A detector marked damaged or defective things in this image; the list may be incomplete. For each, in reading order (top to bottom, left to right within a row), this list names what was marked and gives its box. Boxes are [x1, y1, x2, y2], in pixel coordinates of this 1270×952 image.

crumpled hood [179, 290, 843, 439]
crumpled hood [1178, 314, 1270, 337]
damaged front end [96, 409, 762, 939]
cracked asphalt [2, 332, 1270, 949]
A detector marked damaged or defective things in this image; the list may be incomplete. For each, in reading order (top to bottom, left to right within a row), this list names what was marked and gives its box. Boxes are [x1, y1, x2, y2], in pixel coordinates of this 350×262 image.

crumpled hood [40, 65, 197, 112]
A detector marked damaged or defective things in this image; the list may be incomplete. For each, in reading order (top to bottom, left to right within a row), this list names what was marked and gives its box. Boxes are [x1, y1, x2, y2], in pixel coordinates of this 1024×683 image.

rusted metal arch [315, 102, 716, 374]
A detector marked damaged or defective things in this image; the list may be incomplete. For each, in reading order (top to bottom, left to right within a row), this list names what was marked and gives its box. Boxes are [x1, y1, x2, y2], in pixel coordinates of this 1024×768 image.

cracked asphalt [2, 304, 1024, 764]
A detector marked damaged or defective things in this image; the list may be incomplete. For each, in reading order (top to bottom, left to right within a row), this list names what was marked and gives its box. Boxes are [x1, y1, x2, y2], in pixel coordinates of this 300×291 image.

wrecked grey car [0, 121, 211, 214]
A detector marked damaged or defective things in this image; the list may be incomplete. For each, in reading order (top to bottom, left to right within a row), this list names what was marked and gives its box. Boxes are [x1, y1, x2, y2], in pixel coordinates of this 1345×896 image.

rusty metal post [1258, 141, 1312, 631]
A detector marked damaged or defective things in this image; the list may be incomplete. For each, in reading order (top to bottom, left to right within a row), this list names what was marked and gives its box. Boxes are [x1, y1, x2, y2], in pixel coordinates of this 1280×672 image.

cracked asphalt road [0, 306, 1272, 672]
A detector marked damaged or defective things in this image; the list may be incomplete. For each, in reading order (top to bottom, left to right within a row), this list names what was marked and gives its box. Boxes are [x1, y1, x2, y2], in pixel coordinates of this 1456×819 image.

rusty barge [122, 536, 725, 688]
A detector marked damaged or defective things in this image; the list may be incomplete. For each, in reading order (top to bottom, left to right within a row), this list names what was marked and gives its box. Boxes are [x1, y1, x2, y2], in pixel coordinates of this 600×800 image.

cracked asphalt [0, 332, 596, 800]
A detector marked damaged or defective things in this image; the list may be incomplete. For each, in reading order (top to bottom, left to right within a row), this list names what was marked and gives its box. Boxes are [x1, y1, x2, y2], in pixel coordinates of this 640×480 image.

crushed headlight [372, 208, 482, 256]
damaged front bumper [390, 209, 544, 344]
--------------------------------
▶ [What the exercise asks]:
Each line from the one that contains "this 1280×672 image." through the last line of the listing above should be written out exactly, and no other line.

▶ [Answer section]:
A detector marked damaged or defective things in this image; the list may be incomplete. For each, in reading order (top to bottom, left to right within a row), this list names what was marked and gives its box. Boxes are [x1, y1, x2, y2], in pixel coordinates of this 1280×672 image.

cracked asphalt road [0, 306, 1272, 672]
A detector marked damaged or defective things in this image; the list may be incomplete. For each, in reading order (top to bottom, left to right within a row), this list names what was marked and gives its box. Boxes are [x1, y1, x2, y2], in pixel coordinates of this 1456×819 image.

rusty barge [122, 536, 725, 688]
A detector marked damaged or defective things in this image; the list may be incomplete. For each, in reading order (top to bottom, left to right within a row), this list names what was marked and gives its box. Boxes are [x1, y1, x2, y2], in pixel coordinates of this 600×800 image.

cracked asphalt [0, 332, 596, 800]
A detector marked damaged or defective things in this image; the list may be incomplete. For each, in reading order (top to bottom, left to right within a row), this list names what was marked and gives its box. Boxes are [x1, y1, x2, y2], in pixel coordinates of this 640×480 image.

crushed headlight [372, 208, 482, 256]
damaged front bumper [390, 209, 544, 344]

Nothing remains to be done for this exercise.